◆ **PROBLEM REQUIREMENTS**
Would you repeat word for word the lines of the listing that follows, from the one with "- Sputnik Moldova" up to and including the one with "new 2025 Jeep Grand Cherokee L car", and leave out the images?

◆ **TASK INPUTS**
========================================================================

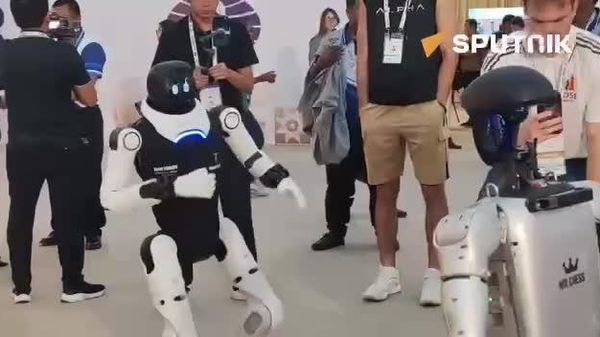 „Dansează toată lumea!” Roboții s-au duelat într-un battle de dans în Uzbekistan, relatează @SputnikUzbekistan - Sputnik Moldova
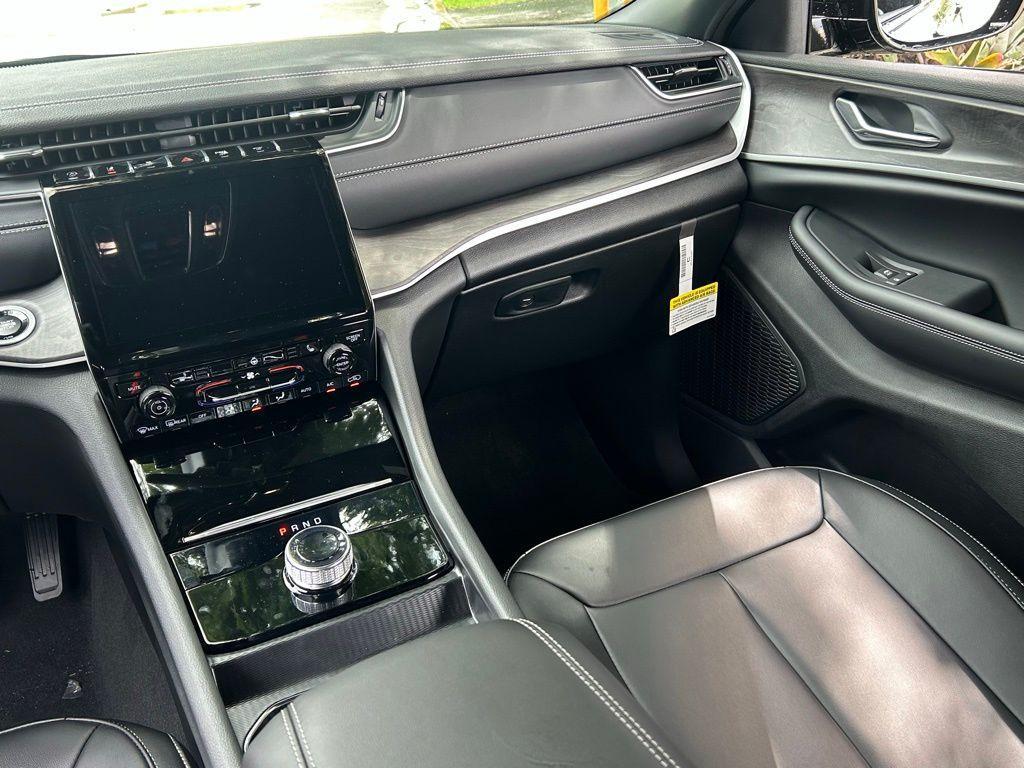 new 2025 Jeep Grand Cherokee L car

========================================================================

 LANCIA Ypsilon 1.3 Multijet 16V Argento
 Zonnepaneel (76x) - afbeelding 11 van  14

========================================================================

◆ **YOUR SOLUTION**
 „Dansează toată lumea!” Roboții s-au duelat într-un battle de dans în Uzbekistan, relatează @SputnikUzbekistan - Sputnik Moldova
 new 2025 Jeep Grand Cherokee L car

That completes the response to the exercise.